- Directed by: Pierce Berolzheimer
- Written by: Pierce Berolzheimer
- Produced by: Pierce Berolzheimer Noah Lang Evan Buxbaum
- Starring: Dylan Riley Snyder; Bryce Durfee; Allie Jennings; Jessica Morris; Chase Padgett; Robert Craighead;
- Edited by: Pierce Berolzheimer L. Gustavo Cooper
- Music by: Mike Trebilcock
- Production companies: Ojala Productions Young Gunner Films
- Distributed by: Raven Banner
- Release date: 26 August 2021 (FrightFest);
- Running time: 80 minutes
- Country: United States
- Language: English

= Crabs! =

Crabs! is a 2021 American comedy horror film directed by Pierce Berolzheimer, starring Dylan Riley Snyder, Bryce Durfee, Allie Jennings, Jessica Morris, Chase Padgett and Robert Craighead. It is the directorial debut of Berolzheimer.

==Plot==
Following a nuclear accident, a group of horseshoe crabs is transformed into deadly creatures. They invade a tranquil coastal town during Prom night, and it falls to a motley crew of misfits to rescue the day.

==Cast==
- Dylan Riley Snyder as Phillip McCalister
- Bryce Durfee as Hunter McCalister
- Allie Jennings as Maddy Menrath
- Jessica Morris as Annalise Menrath
- Chase Padgett as Radu
- Robert Craighead as Sheriff Flannegan

==Release==
Raven Banner acquired the film in September 2015. The film premiered at FrightFest on 26 August 2021.

==Reception==
Phil Wheat of Nerdly rated the film 4 stars out of 5, calling it "totally stupid but stupid in the most clever, brilliant, FUN (this film is really, REALLY, fun!) way". Martin Unsworth of Starburst rated the film 3 stars out of 5, writing that "If you can get over the offensive stereotypes and take it in the spirit in which it was no doubt made, you could have a lot of fun." Film critic Anton Bitel, writing for VODzilla.com, rated the film 3 stars out of 5, calling it "a mad, monstrous B-movie throwback pitting man (and mecha) against a marine menace". Jacob Davison of iHorror rated the film 3 "eyes" out of 5, calling it a "low-brow creature feature with killer horseshoe crabs, wacky characters, and ample amounts of blood and gore."

Michael Gingold of Rue Morgue wrote a positive review of the film, writing that "For teen and older fans who can get into its goofball spirit and its clear love of animal-attack mayhem, CRABS! is a diverting, no-longer-than-it-has-to-be 80 minutes that will fill the bill for future festival/late-night screenings and alcohol-fueled watch parties." Film critic Kim Newman wrote a positive review of the film.
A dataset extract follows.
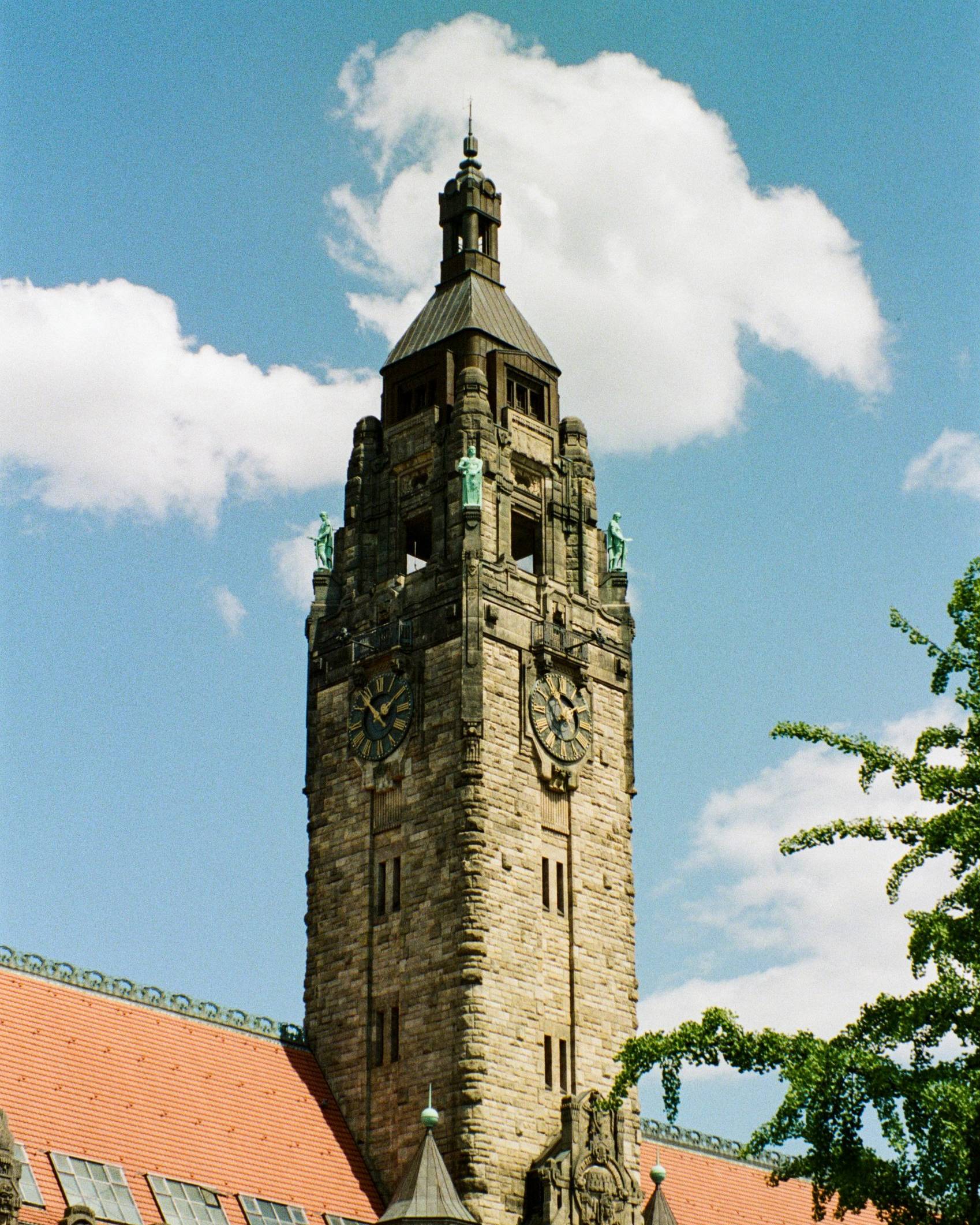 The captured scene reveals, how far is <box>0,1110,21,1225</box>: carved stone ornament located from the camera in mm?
40312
Sean Parker of Horror Obsessive wrote a positive review of the film, writing that "The acting is mostly good, some of the jokes hit gut-busting territory, there are awesome practical effects, and the film’s popping color palette is far better than it should be." Louisa Moore of Screen Zealots wrote a positive review of the film.

Meagan Navarro of Bloody Disgusting rated the film 2.5 out of 5, writing that while the film "doesn’t make a lot of sense, and it doesn’t bother trying", it "leans into its low budget and uses that in its favor. It wants to provide a nonsensical time at the movies, never meant to be taken seriously. It has all the finesse of a sledgehammer, delivering nonstop blunt force humor that will either alienate viewers or reluctantly win them over." Lon Strickland of MovieWeb wrote that the film is "as terrible as it is amazing".